Sur le plan économique global, la  croissance  du  secteur  primaire, souligne la note, pourrait  atteindre 24% en 2009 contre  16,6% en 2008. Les  activités  non- agricoles,  enregistreraient, elles, une croissance modérée de 2,7% en 2009,  résultant, essentiellement, du recul de d'activité  du  secteur  secondaire. Celle-ci  «devrait  accuser  une régression pour la première fois pendant la dernière décennie», principalement des secteurs des mines et des industries de transformation «suite à la forte baisse de la demande mondiale adressée à notre pays».  La  production de phosphate a en effet baissé de  29,1%  par  rapport  à  2008, à 18,3 millions de tonnes, de même que le chiffre d'affaires de l'OCP (-63,6%).
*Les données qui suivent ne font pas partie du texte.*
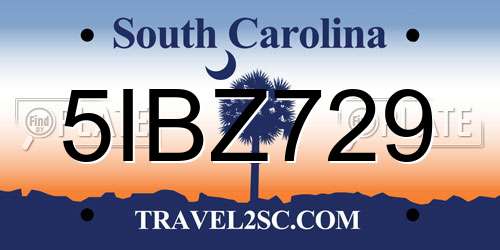 5IBZ729 South Carolina License Plate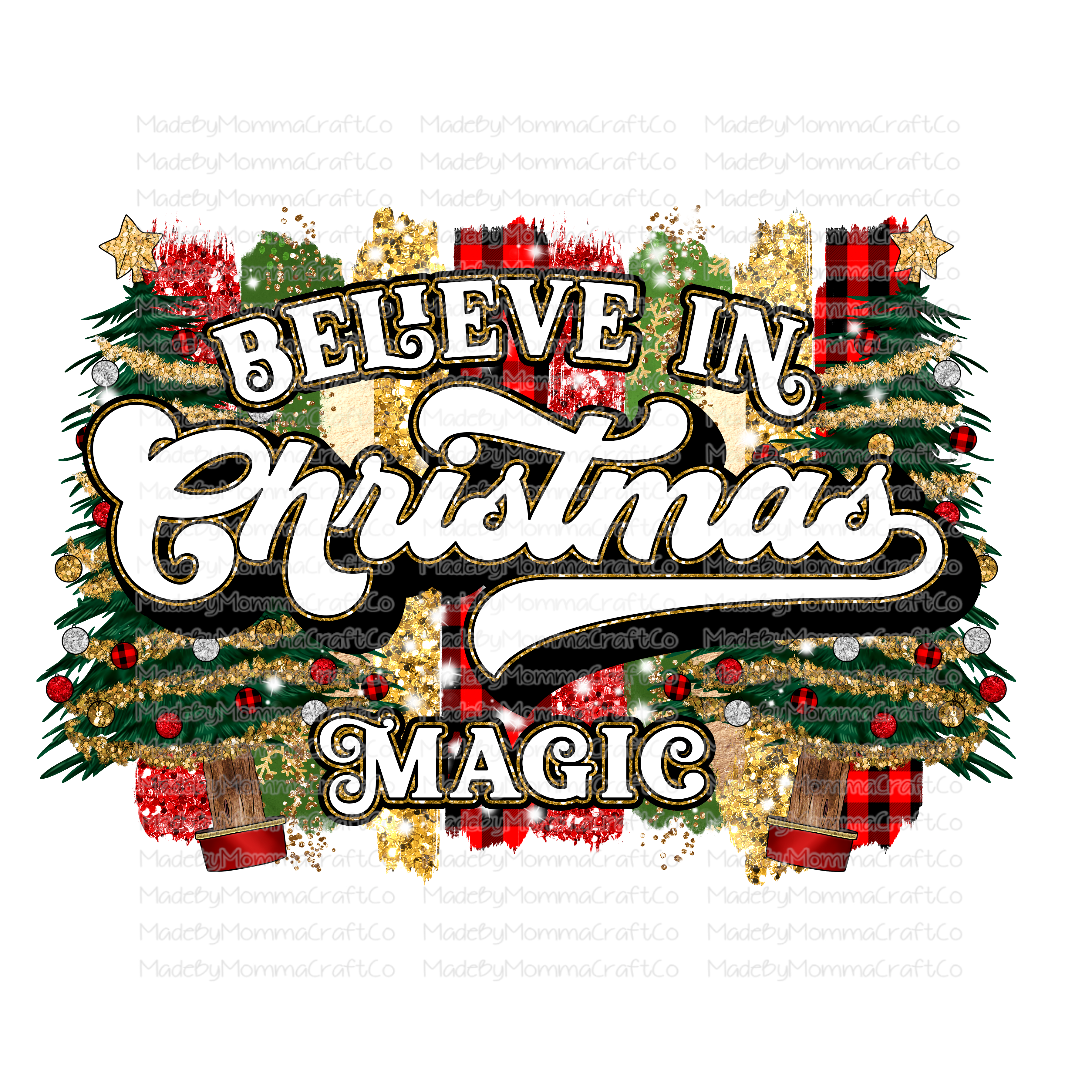 Believe In Christmas Magic Sparkle - Cheat Clear Waterslide™ or White Cast Sticker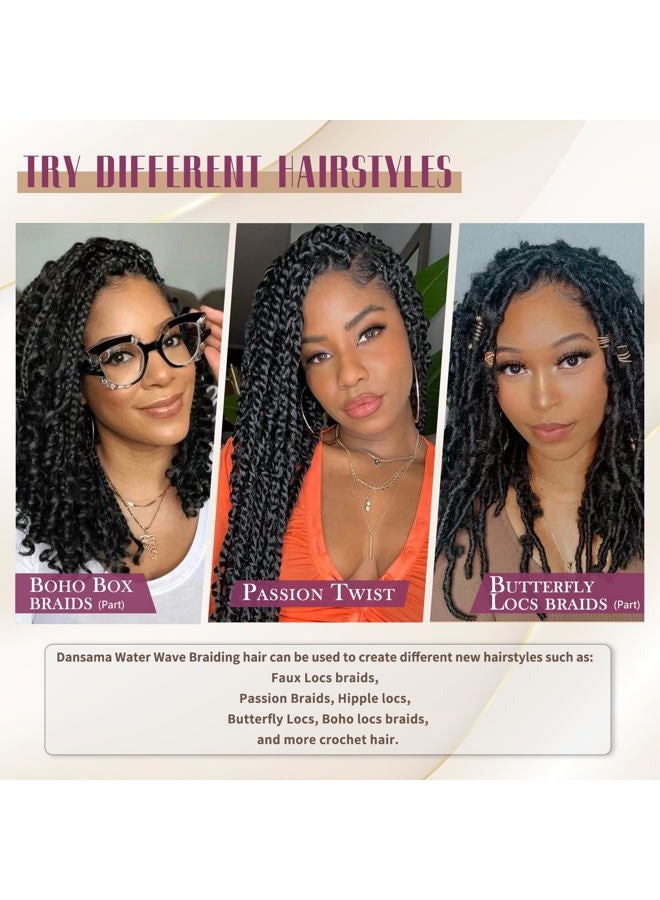 Dansama Passion Twist Hair Water Wave Braiding Hair for Butterfly Style Crochet Braids Bohemian Hair Extensions (18inch (Pack of 7), #1) - Image 5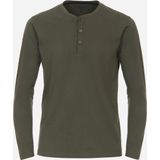 Redmond regular fit T-shirt, lange mouw O-hals met knoopsluiting, groen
La  consommation  de  l'énergie  électrique  a augmenté de  4,2%. A ce niveau, il faut signaler que les importations de l'ONE en  provenance  de  l'Algérie  et  de  l'Espagne ont augmenté de 8,7%.
Côté  investissements et prêts privés  étrangers, les recettes  ont baissé de 26,1% soit 9,2 MMDH.  Quant aux recettes du  secteur  touristique, elles ont atteint, pour rappel, 52,8 milliards de DH  en baisse de 5%. La note indique enfin le déficit du compte courant de la balance des paiements  de 4,5% «pour la deuxième année consécutive après 6 ans d'excédent».
Les effets du Comité de veille
Selon le ministère de l'Economie et des finances, la  conjoncture mondiale difficile a impacté surtout  les canaux macroéconomiques  indirects de l'économie  marocaine. La crise a en effet engendré la baisse de  la demande étrangère adressée à notre pays,  les transferts  des  MRE  ainsi  que  des  flux  de  capitaux. Le Comité de veille a été mis en place pour  proposer de  mesures  de soutien pour aider les entreprises concernées,  sauvegarder  l'emploi, inciter à la promotion et la  prospection,  et puis consolider  les transferts des MRE et des recettes touristiques. Grâce aux actions de ce comité, souligne la note de conjoncture, il y a eu  des améliorations  au niveau de la croissance de quelque secteurs, comme des recettes touristiques et  des  transferts  des  MRE  qui  sont  passés  respectivement  de  –21,6%  et  –14,6%  à  fin  mars  2009  à  –5%  et  à -5,3%  à  fin décembre 2009.  Cette amélioration a également touché les secteurs exportateurs touchés par la crises (textile, cuir,   équipements  automobiles  et  électroniques).   La  baisse  des exportations (hors OCP) a ainsi reculé à 10,7% à fin décembre 2009, contre 21,9% à fin mars.